I’m working on another volume in my Pequod-like pursuit of Megan McArdle* (see, after what went on here earlier today, I’ve got a Melville mindworm going), but just to show that I’m not dead yet, I thought I’d toss in a little lagniappe to a discussion begun here in John’s post of a day or so ago.
There, I learned that some idiot I’ve never before had the dystopic experience of encountering had this to say about the notion of an intellectual commons:
But Barton says that the Bible, Ben Franklin and the Pilgrims all opposed Net Neutrality because it violates the rights of huge corporations to charge higher rates and discriminate on content, calling it a “wicked” policyand “socialism on the Internet.”
Here’s David Barton’s own words on the subject, just to show that the snark version is, in fact, deadly accurate:
But we talk about it today because it is a principle of free market. That’s a Biblical principle, that’s a historical principle, we have all these quotes from Ben Franklin, and Jefferson and Washington and others on free market and how important that is to maintain.
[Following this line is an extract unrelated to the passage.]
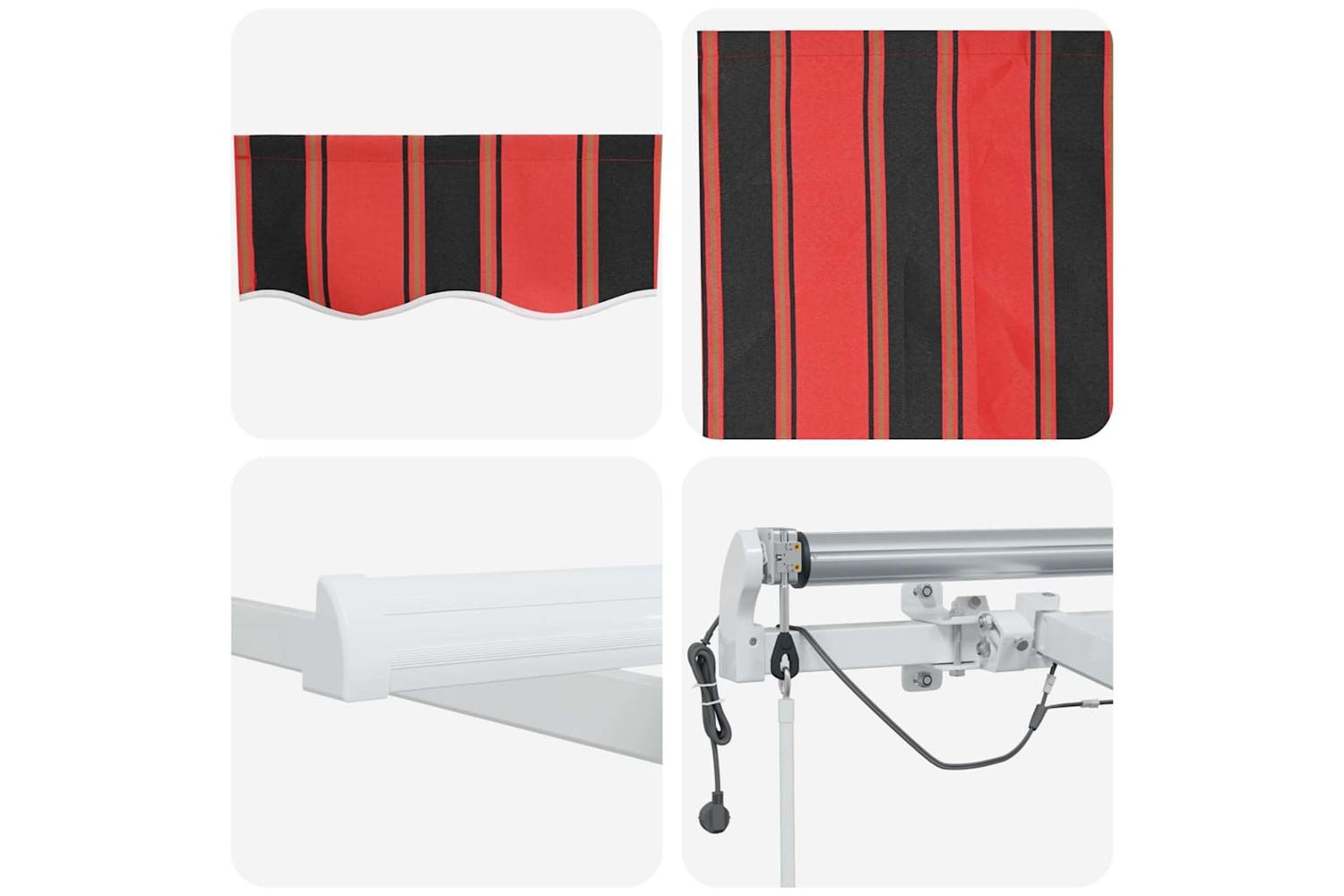 Vidaxl Retractable Awning Orange And Brown 500 X 350 Cm-10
Well, as it happens, I’m reading a really excellent book: Common as Air by Lewis Hyde, which is, among much else, a detailed and beautifully written archaeology of what the founders — and Franklin primus inter pares — thought about ideas, ownership, and the commons.
One thing Hyde reminds us of is that Franklin himself did not claim ownership of ideas that he himself saw as the product of many, the inheritance of all, and the property of none. He did not patent the lightening rod — instead communicating with David Hume, among others, to make sure that the world — at least those with access to learned journals — could make free use of both the research implications and the practical value of his investigations into the behavior of electricity. He didn’t try to hang on to the rights to the Franklin stove.
If he did choose to keep some trade secrets that advantaged the work that made him prosperous — the techniques he used to render early American paper money more secure against counterfeits — that was one exception against a life time of free public dissemination of discoveries and inventions that he understood to have been built on the work of predecessor and collaborators, to be improved upon still further by the efforts of strangers to come. [FWIW — I wrote about Franklin’s role as a currency innovator in last October’s American History. Sadly, the piece itself is not online, though I think a draft may show up in MIT’s DSpace archive eventually.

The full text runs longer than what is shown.